1756
The Seven Years War Begins
The Seven Years War, a global conflict known in America as the
French and Indian War, officially begins when England declares war on France.
However, fighting and skirmishes between England and France had been going on in
North America for years.
In the early 1750s, French expansion into the Ohio River valley
repeatedly brought France into armed conflict with the British colonies. In
1756–the first official year of fighting in the Seven Years War–the British
suffered a series of defeats against the French and their broad network of
Native American alliances. However, in 1757, British Prime Minister William
Pitt (the older) recognized the potential of imperial expansion that would come
out of victory against the French and borrowed heavily to fund an expanded war
effort. Pitt financed Prussia’s struggle against France and her allies in
Europe and reimbursed the colonies for the raising of armies in North America.
By 1760, the French had been expelled from Canada, and by 1763
all of France’s allies in Europe had either made a separate peace with Prussia
or had been defeated.
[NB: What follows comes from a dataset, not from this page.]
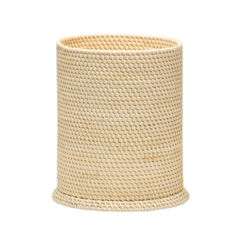 Dalton Bath Accessories - Cream Rattan - Our Boat House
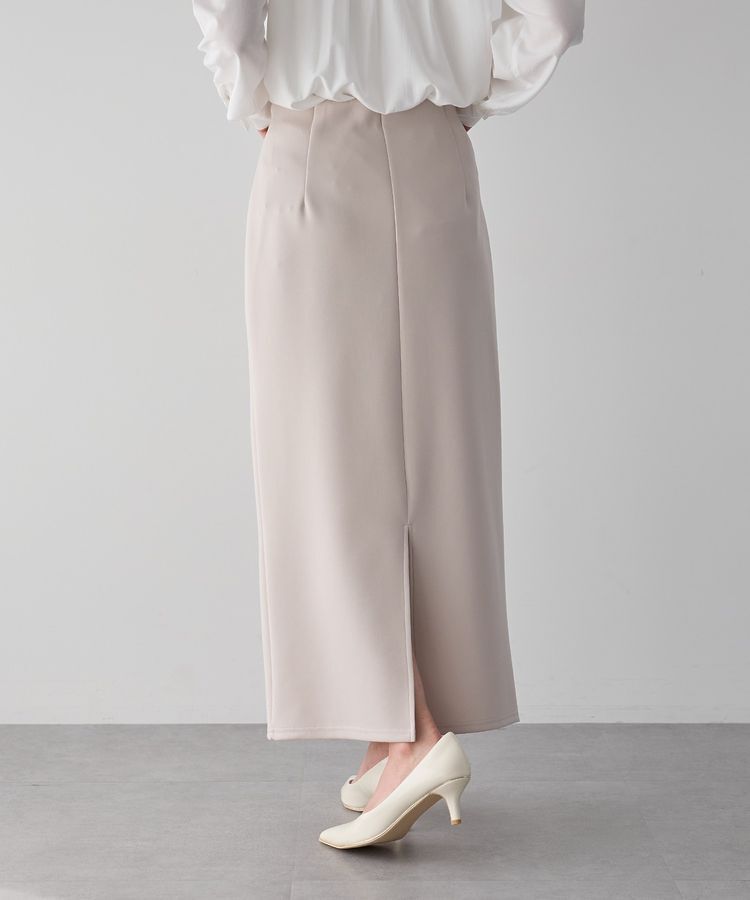 YECCA VECCA「ダンボールニットナロースカート」|タイト|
In addition, Spanish attempts to aid France in the
Americas had failed, and France also suffered defeats against British forces in
India.
The Seven Years War ended with the signing of the treaties of
Hubertusburg and Paris in February 1763. In the Treaty of Paris, France lost
all claims to Canada and gave Louisiana to Spain, while Britain received
Spanish Florida, Upper Canada, and various French holdings overseas. The treaty
ensured the colonial and maritime supremacy of Britain and strengthened the 13
American colonies by removing their European rivals to the north and the south.
Fifteen years later, French bitterness over the loss of most of their colonial
empire contributed to their intervention in the American Revolution on the side
of the Patriots.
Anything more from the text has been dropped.